Friday, January 15, 2021

My Life In Fandom: Remembering Leiji's Last Masterpiece - Interstella 5555 (w/ Daft Punk)

It's Friday, so it's time to downshift into the weekend. Today I bring back to your attention Daft Punk's collaboration with the legend Leiji Matsumoto: Interstella 5555. It's the movie made to go with the Discovery album, and its lead track is what propelled Daft Punk into popular awareness- something that would later lead to the pair's work on Tron Legacy.

As far as I know, this movie does fit into the wider Leijiverse, albeit at a far earlier period than anything else (because the story arc involves contemporary Earth, meaning we've got a UFO angle involved here), but most Leiji fans I know of don't take that assertion seriously. (I could be wrong; I don't know.)

But look at this story. You have good guys, bad guys, innocents exploited for crass commercial gain via mind control and literal deracination, all later to be undone by determined resistance. But it's not pozzed, so it upsets the Death Cult. No wonder here why it got memory-holed, along with everything else Leiji's done; if not for the recent Harlock and Yamato releases in Japan finding their international audiences, especially the Yamato remakes, he'd be on his way to languishing in obscurity.

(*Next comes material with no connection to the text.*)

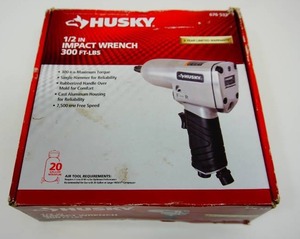 lot 4 image: Husky 12 Impact Wrench 300 ft-lbs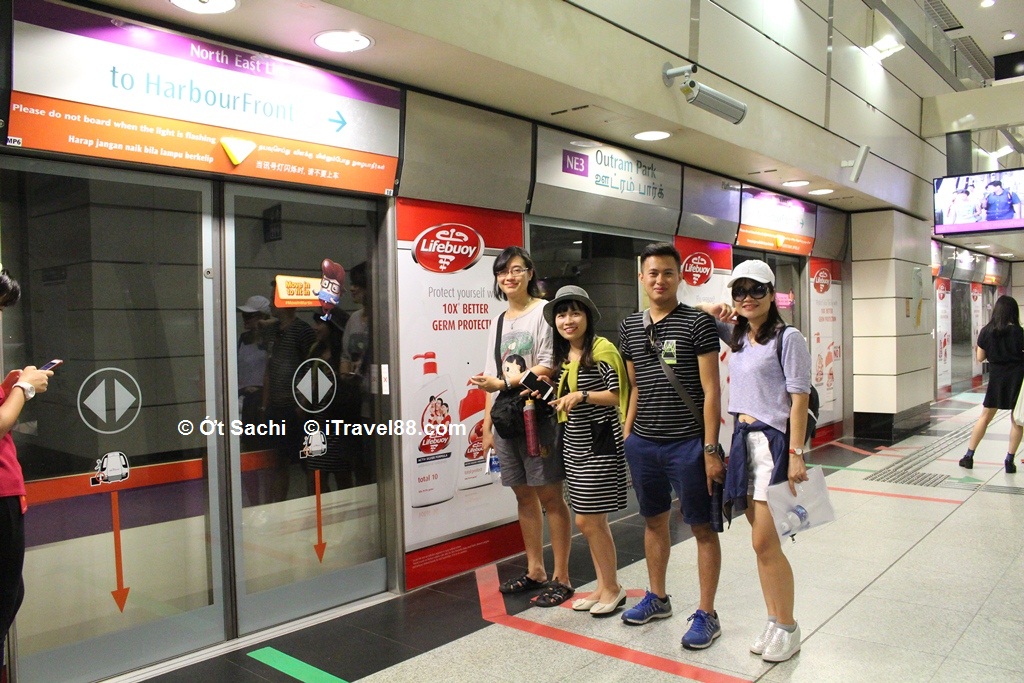 Hướng dẫn đi tàu điện ở Singapore -  7 dạng bài viết content cho Travel Blogger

While the album is easy to find, the movie is not. (Can't say if it's easy in Japan to find; I don't know.) In addition, Western media went out of its way to sever connections between the two parts of the whole; this plays into my previous commentary about Death Cult containment of what it can neither control nor destroy. Most know the music; they don't know the movie.

This musical--that's what it is--ought to be on any weeb's shelves. The album on its own should be also, even if all you use both for is a master to rip from when setting up your home media server.